How the 2022 Midterms Became a Squeaker

November 12, 2022 Uncategorized

Interviews with more than 70 current and former officials show the outside forces — and miscalculations and infighting — that led to an improbable, still-undecided election. New York Times, Shane Goldmacher, Nov. 12, 2022 https://www.nytimes.com/2022/11/12/us/politics/midterm-elections-officials.html

excerpts: “Republicans might not have had a shot at the House at all if not for a court ruling that let stand a brutal Republican gerrymander in Florida and another that tossed a Democratic gerrymander in New York. Those two decisions swung as many as six seats — potentially the entire G.O.P. margin in a close-fought contest.”
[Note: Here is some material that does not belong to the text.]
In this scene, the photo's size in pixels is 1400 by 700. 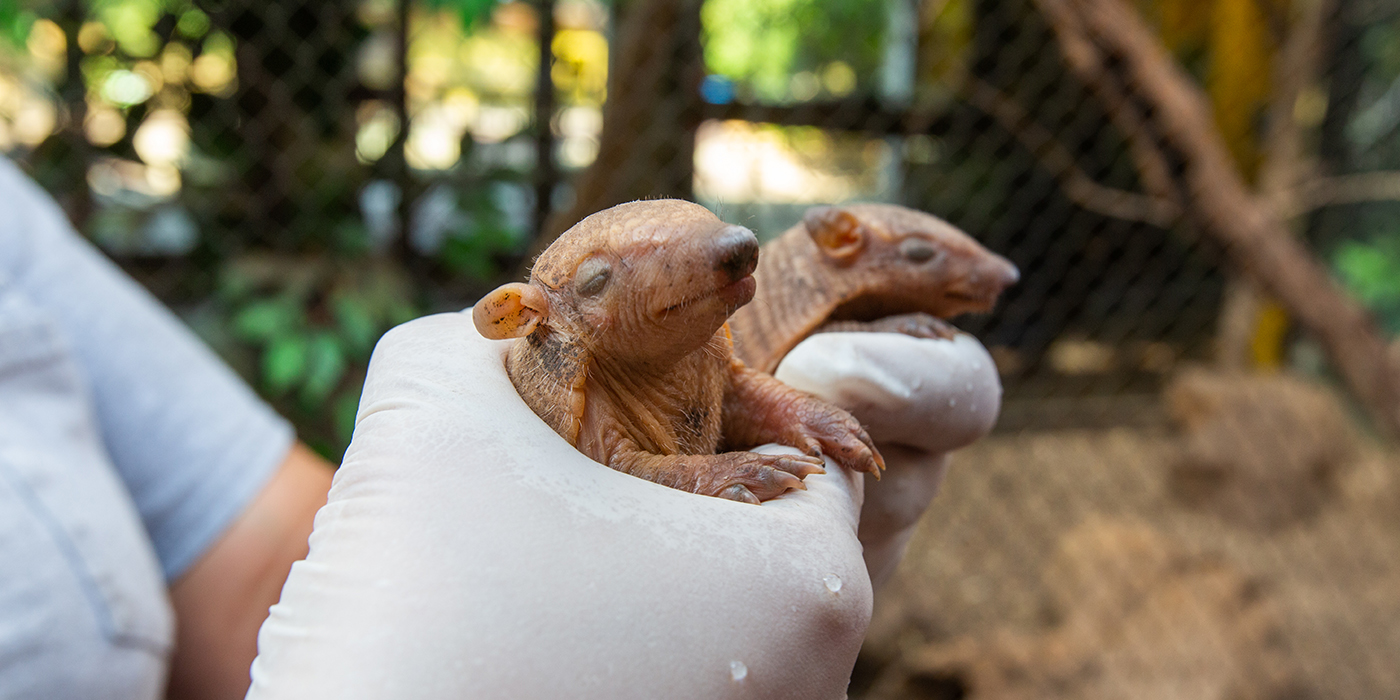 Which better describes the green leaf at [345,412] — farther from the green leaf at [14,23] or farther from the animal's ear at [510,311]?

The first reverberations of the biggest political earthquake of the cycle were felt online. The Supreme Court overturned Roe v. Wade, upending a half-century of federally guaranteed abortion rights. Almost immediately, money came pouring into ActBlue, the Democratic online donation site.

An analysis of federal records showed that since the fall of Roe, Democrats had raised $627.7 million through ActBlue — more than two and a half times the $239.3 million Republican haul on WinRed, the G.O.P. donation portal — expanding an existing money edge.

Ten Families:
The Republican financial cavalry soon arrived.

The leading House and Senate G.O.P. super PACs combined to spend more than $400 million after Sept 1. The McCarthy-aligned super PAC had a financial edge of nearly $90 million over its Democratic counterpart, almost entirely because 10 conservative families gave a combined total of more than $100 million.